The dialogue that began in the late 1980s concerning how we can best shepherd the legacy of modernism into a durable and sustainable future raises many issues that are fundamentally changing the way in which preservation professionals approach the rehabilitation of a large segment of the built environment. While we may philosophically debate when and how modernism devolves into the polyglot architectural expressions that have proliferated since the 1970s, technically we are dealing with many of the same issues – thin construction, ephemeral materials, naïve detailing and rapidly changing uses that render buildings tailored to a bespoke program now functionally obsolete – that we have been tackling with mid-century structures.
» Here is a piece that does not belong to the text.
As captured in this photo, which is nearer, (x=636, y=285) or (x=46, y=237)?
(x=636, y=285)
Solutions to these problems require a robust, creative approach that fortuitously is bringing more design to preservation and vice versa.  One area in particular that has been questionable, if not taboo in the traditional preservation charters, is acknowledging the necessity of intervention that is sufficiently robust to change and improve user perception and ultimately acceptance in order to keep a resource relevant and economically viable. The argument against this degree of change is 1. That it denies the purpose and message of the original work and 2. That fashion and taste runs in cycles, and that we are now – in looking at resources that are in the 20-to-40-year time frame – at a point in the typical cycle of desirability where these buildings would be at their low ebb, and perhaps most vulnerable to inappropriate alteration.

However, many of these properties newly characterized as “sub-iconic” – lacking in either architectural or historic significance – are sufficiently technically and programmatically flawed that they require immediate and often drastic interventions to remain viable and avoid demolition. Change then is necessary, but must proceed from a sound, commonly understood baseline. This is where the methodologies of assessment that we have come to apply in the evaluation of historic resources become important, for their proper application will ensure that even the most seemingly ordinary properties are treated in a way that is commensurate with whatever they may have to offer as an existing physical resource while providing the best path to enabling the realization of their highest value and potential.     
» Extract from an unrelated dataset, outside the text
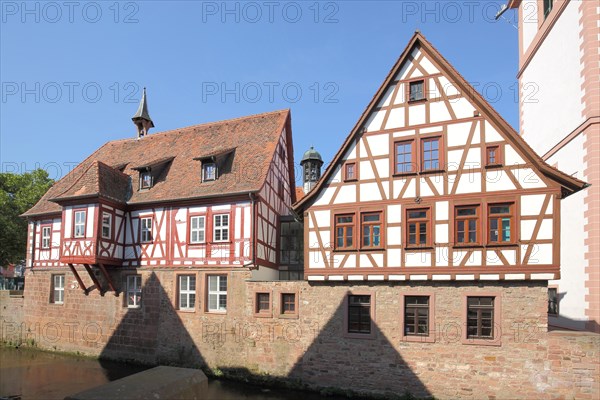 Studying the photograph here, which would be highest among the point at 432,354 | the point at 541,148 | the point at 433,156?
the point at 541,148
Many of these issues – particularly resource evaluation and the treatment of sub-iconic, ordinary works of the last 50 years – were foregrounded in the Renewing Modernism symposium that was part of the Association for Preservation Technology International (APT) Conference in Kansas City in the fall of 2015. Coming out of that conference I led, with Caroline Alderson from GSA, a working group to develop the APT Principles for Practice for Renewing Modernism. This is a concise essay and series of guidelines, modeled on the existing charters that govern global preservation practice, that has been (and continues to be) reviewed by leading scholars and practitioners from around the world, and was introduced in draft form at the 2016 APT conference in San Antonio. The ethos of this document is in line with a philosophy of intervention that we practice at EYP, reflecting the kind of approach that we have taken both with repurposing landmark structures such as Louis Kahn’s Richards Labs at the University of Pennsylvania, and the more robust reconfiguration and renovation of a portion of O’Neill Ford’s legacy at Trinity University, which also features a signature new centerpiece. The reception of the Principles has thus far been very positive; it is hoped that as it is used and continues to develop, that it will provide both a flexible series of guidelines and conceptual framework for implementation of the best possible re-use scenarios for the vast body of ordinary modernism.